DFVA system of FIG. 1 includes an address/data bus 112 for
communicating information, a central processor unit 102 coupled to
bus 112 for processing information and instructions. The DFVA
system also includes data storage features such as volatile 104 and
non-volatile 106 memory coupled to bus 112 for storing information
and instructions for central processor unit 102. A data storage
unit 108 (e.g., a magnetic or optical disk and disk drive) is
coupled to bus 112 for additional storage of information and
instructions. An input/output signal unit 110 is coupled to bus 112
for communication with other systems, including computer systems,
wireless local area networks (LAN)/wide area networks (WAN), or
conventional land line telephone systems.

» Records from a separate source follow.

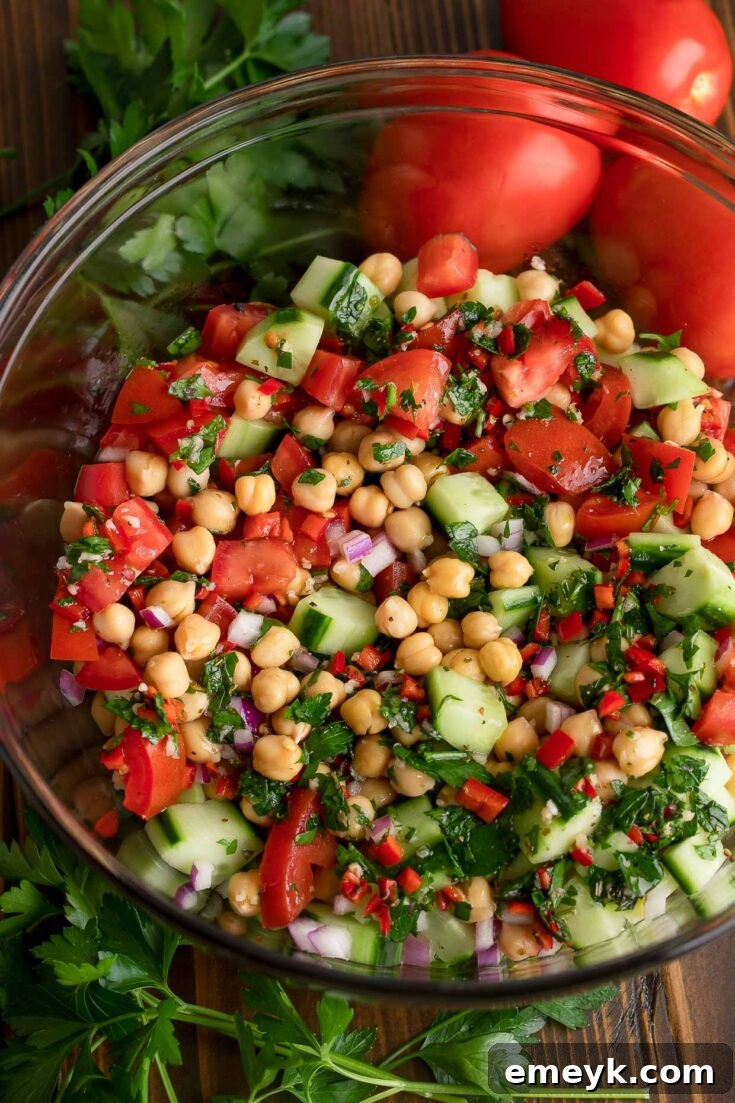 A vibrant and protein-packed Chimichurri Chickpea Salad, bursting with colorful bell peppers, fresh cilantro, and chickpeas coated in a zesty chimichurri dressing.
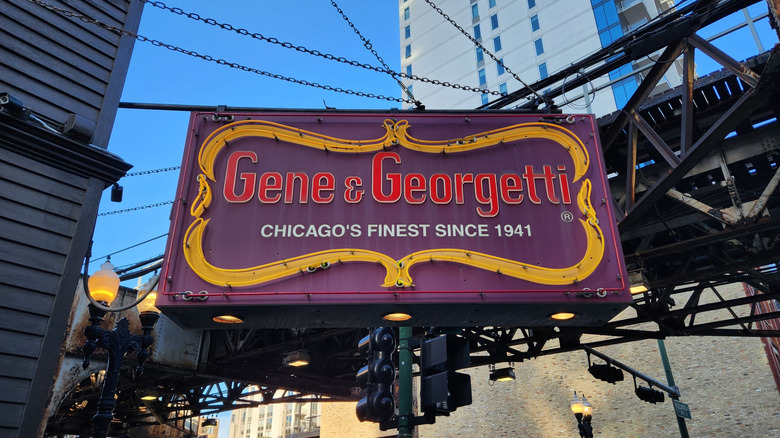 The exterior sign for Gene & Georgetti's restaurant, with a slogan that reads "Chicago's finest since 1941"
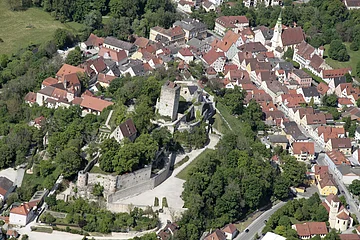 Die Burg Pappenheim von oben aufgenommen. Man hat einen guten Blick auf die gesamte Anlage mit Garten und Bäumen. Rechts sind auch viele Pappenheimer Häuser zu sehen.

GENERAL DESCRIPTION OF DISPATCH FREE TRACKING AND ALLOCATION
PROCESS OF THE PRESENT INVENTION
The following detailed description will begin with a brief overview
of the steps performed by the present DFVA system. The detailed
description will then continue with a detailed discussion of each
of the steps performed by the present DFVA system.
With reference next to FIG. 2, a flow chart of the steps performed
by the DFVA system of the present invention is shown. As shown in
step 202, in the present invention, the DFVA system receives a
dispatch request for service from a customer. The customer
typically contacts the DFVA system through the telephone system,
including either conventional land line or cellular telephone
systems.
Next, in step 204, the DFVA system acknowledges the customer's
dispatch request. In one embodiment, the DFVA system, automatically
answers and informs the customer that the request is being
processed. The present DFVA system may also prompt the customer for
additional information about either the customer or the customer's
dispatch request. Therefore, the present invention eliminates the
need for a dispatcher, or dispatchers, to answer incoming dispatch
requests.
Referring next to step 206 of the present invention, the DFVA
system determines the location of the customer and examines the
status of each vehicle in the fleet. Additionally, if necessary,
the present DFVA system also accesses any special information about
the customer gathered in step 204. In so doing the present DFVA
system determines the most appropriate (i.e., the fastest
responding) vehicle to dispatch. Again, the present invention
accomplishes the above described task without requiring a
dispatcher.
Referring next to step 208 of the present DFVA system, the present
invention now transfers the dispatch request to the most
appropriate vehicle. Hence, the present DFVA automatically places
the customer in direct contact with the driver of the vehicle which
is able to respond most quickly to the customer's dispatch request.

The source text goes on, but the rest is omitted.